Pompeo: Maggie wouldn’t approve
What would Margaret Thatcher have made of the UK’s decision to allow Huawei to bid to build parts of the country’s 5G network? US Secretary of State, Mike Pompeo, had a very clear answer when he delivered the aptly titled Margaret Thatcher Lecture at the Centre for Policy Studies think tank in London this Wednesday.
She would not have stood for it, was his short answer. As Pompeo put it: “Ask yourself would the Iron Lady be silent when China violates the sovereignty of nations through corruption or coercion?

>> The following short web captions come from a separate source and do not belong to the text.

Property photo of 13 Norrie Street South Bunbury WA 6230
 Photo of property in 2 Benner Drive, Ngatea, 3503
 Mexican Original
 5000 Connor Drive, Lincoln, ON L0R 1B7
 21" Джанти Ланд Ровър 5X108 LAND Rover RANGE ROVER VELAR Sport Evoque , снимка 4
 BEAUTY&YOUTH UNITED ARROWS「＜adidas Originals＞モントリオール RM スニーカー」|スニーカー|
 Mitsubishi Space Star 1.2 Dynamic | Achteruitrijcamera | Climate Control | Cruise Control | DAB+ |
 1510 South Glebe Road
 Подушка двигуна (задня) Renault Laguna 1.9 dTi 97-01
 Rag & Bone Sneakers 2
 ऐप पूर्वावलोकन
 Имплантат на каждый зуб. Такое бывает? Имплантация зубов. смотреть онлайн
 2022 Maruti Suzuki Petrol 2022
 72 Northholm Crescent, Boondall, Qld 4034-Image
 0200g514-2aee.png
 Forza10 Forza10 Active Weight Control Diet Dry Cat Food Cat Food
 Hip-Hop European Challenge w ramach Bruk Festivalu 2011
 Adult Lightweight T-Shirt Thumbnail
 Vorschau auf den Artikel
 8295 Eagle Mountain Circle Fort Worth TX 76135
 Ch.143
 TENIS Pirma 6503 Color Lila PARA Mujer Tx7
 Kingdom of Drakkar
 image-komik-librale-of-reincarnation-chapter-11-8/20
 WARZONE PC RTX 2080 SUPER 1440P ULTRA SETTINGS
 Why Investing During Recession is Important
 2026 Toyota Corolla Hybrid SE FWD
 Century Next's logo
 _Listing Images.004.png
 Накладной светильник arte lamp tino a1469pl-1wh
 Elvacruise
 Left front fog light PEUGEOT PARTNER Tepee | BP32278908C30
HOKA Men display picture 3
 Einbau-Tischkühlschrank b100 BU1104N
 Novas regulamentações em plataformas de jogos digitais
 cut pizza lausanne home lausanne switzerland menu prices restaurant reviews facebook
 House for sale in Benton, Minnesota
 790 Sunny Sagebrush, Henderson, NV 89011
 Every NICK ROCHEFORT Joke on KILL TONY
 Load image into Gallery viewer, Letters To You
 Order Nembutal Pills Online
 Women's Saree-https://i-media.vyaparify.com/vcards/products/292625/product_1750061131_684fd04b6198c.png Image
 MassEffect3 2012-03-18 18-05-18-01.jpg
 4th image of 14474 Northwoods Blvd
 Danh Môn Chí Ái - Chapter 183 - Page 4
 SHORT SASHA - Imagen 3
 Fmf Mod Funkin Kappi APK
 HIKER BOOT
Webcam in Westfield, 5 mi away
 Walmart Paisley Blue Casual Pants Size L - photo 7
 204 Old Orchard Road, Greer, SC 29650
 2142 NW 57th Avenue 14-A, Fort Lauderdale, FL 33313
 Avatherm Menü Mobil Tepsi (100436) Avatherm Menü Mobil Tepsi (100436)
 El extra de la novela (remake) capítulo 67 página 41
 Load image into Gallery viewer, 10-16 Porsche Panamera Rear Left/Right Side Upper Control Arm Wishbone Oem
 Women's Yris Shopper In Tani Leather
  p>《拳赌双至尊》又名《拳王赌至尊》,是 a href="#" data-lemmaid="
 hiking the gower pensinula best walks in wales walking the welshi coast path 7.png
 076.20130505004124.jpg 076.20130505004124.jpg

Would she allow China to control the internet of the future?”
He was certainly right about taking a firm line. For that is just what Thatcher did when she first broached the subject of Hong Kong’s future sovereignty with China in 1982.
Flushed with Britain’s victory against Argentina over the Falkland Islands, Thatcher insisted on the validity of the 19th century treaties that had ceded possession of Hong Kong to the UK. Treaties could be altered but not abrogated, she said.
But two years later, Thatcher was back in the Chinese capital for a quick 15-minute signing ceremony whereby the UK agreed to hand Hong Kong back to China in 1997. Thatcher had learned a difficult lesson about a rising power and a declining one.
It is one that her successor, as Britain’s second female prime minister, appears to have taken on board. According to the Daily Telegraph, it was Theresa May herself who made the casting vote in favour of Huawei at a National Security Council meeting on April 23.
The highly sensitive decision was allegedly leaked to the same newspaper by her Defence Secretary, Gavin Williamson, who was promptly sacked. He has protested his innocence ever since.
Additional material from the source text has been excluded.